Beispiel: Konsumgesellschaft und Wahlverhalten
Die Muster, die in der Werbung funktionieren, zeigen sich auch in anderen Bereichen wieder. Politiker nutzen ähnliche Vereinfachungen in Wahlkampagnen („Wir senken die Steuern!“, „Wir schaffen Sicherheit!“), weil die Werbeindustrie über Jahrzehnte bewiesen hat, dass einprägsame, emotionalisierte Botschaften effektiver sind als differenzierte Argumente.
Fazit: Die unterschätzte Wirkung von „einfacher“ Werbung
Auch wenn Werbung oft nur für eine kleine, wenig reflektierende Zielgruppe gestaltet wird, beeinflusst sie durch ihre ständige Präsenz alle Zuschauer:
- Sie senkt über die Jahre das Niveau der öffentlichen Kommunikation.
- Sie macht einfache, plakative Botschaften salonfähig.
- Sie trägt dazu bei, dass sich Denkweisen und Erwartungshaltungen in der Gesellschaft unmerklich verschieben.
Das bedeutet nicht, dass jede Werbung per se „dumm“ ist – aber wenn sie über Jahrzehnte hinweg auf das Niveau der „dümmsten 5 %“ abgestimmt ist, bleibt das nicht ohne gesellschaftliche Folgen.
Langfristige Marktstrategien
– Junge Menschen (ab 14 Jahren) werden oft gezielt befragt, da sie noch formbare Kaufgewohnheiten haben und langfristig als Kunden gebunden werden können.
– Unternehmen analysieren Trends dieser Altersgruppe, um sich frühzeitig auf zukünftige Märkte einzustellen.
Der große Irrtum: Weshalb nicht die 50+ Generation?
– Ältere Menschen gelten als weniger konsumfreudig und haben oft bereits gefestigte Kaufgewohnheiten.
– In der Medienbranche wird die Zielgruppe 50+ zwar zunehmend wichtiger, jedoch konzentrieren sich viele Unternehmen nach wie vor auf die jüngeren und wirtschaftlich aktiven Bevölkerungsgruppen.
– Trotzdem gibt es mittlerweile gezielte Studien und Werbestrategien für „Best Ager“ (50–70 Jahre), da diese Gruppe wächst und hohe Kaufkraft besitzt.
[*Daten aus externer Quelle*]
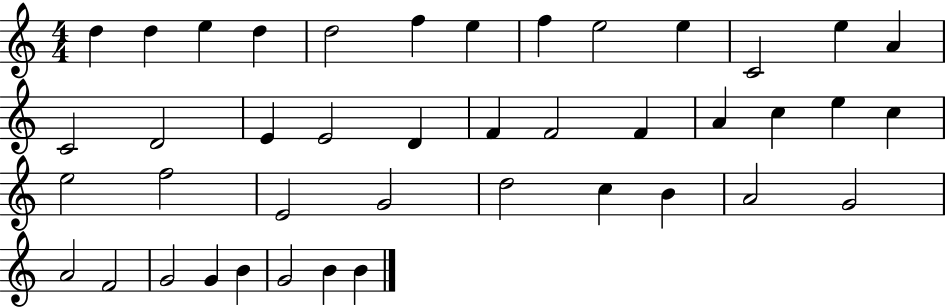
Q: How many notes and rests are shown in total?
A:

Ein Umdenken wäre notwendig
Die 14- bis 49-Jährigen sind eine wirtschaftlich attraktive und gesellschaftlich prägende Zielgruppe. Sie bestimmen viele Trends in den Bereichen Konsum, Medien und Werbung. Unternehmen und Meinungsforscher konzentrieren sich deshalb gezielt auf ihre Einstellungen, um Produkte, Marketingstrategien und politische Kampagnen optimal anzupassen.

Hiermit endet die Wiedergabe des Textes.